LAS VEGAS — The founders of Kiva Systems, who are the inventors of mobile robotic material handling, have been announced as National Inventors Hall of Fame (NIHF) 2020 class of Inductees at CES this week.

In the early 2000s, Peter Wurman, Mick Mountz and Raffaello D’Andrea created the Kiva system, an entirely new approach for material handling in distribution centers that revolutionized warehouse order fulfillment. Kiva utilized thousands of mobile robots and sophisticated control software to bring inventory shelves to workers, significantly improving all areas of fulfillment center operations from safety and productivity to cycle time and throughput.

In 2002, while developing his idea to improve warehouse distribution efficiencies, Mountz contacted his former Massachusetts Institute of Technology (MIT) roommate Wurman, then assistant professor of computer science at North Carolina State University, for software advice. They decided on a multi-agent software architecture run on centralized computers to track inventory and wirelessly command robots to perform delivery tasks.

D’Andrea, a robotics expert and professor from Cornell University, joined the company then known as Distrobot to develop the hardware layer. As chief technology officer, Wurman was responsible for the system architecture and decision-making algorithms that allocated the tasks and coordinated the motion of the robot fleet.

The company’s first customer was Staples, followed by dozens of others including Walgreens, whose fulfillment centre used over 1,000 robots. In 2012, Fast Company magazine ranked Kiva Systems as one of the most innovative companies in the world for their game-changing solutions using mobile robotics.

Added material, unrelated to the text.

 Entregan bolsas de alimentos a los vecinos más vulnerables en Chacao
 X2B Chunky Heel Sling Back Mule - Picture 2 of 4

Later that year Amazon purchased Kiva and renamed the enterprise Amazon Robotics. At that time, Kiva had systems in more than 30 warehouses in North America and Europe.

“My passion for science and creating led me to a career in engineering,” said 2020 Inductee Raffaello D’Andrea, a pioneer of mobile robotic material handling for order fulfillment, professor at ETH Zurich and founder of Verity.

“It’s an honour to be recognized alongside Mick Mountz and Pete Wurman for our accomplishments at Kiva Systems.”

In an interview with the National Inventors Hall of Fame, Mountz shared that curiosity, experimentation and teamwork had been encouraged throughout his childhood. “Having parents that challenge you to play sports, pick leadership roles, be curious I think all of that contributes to how you move through your education process and then some of your career decisions as well.”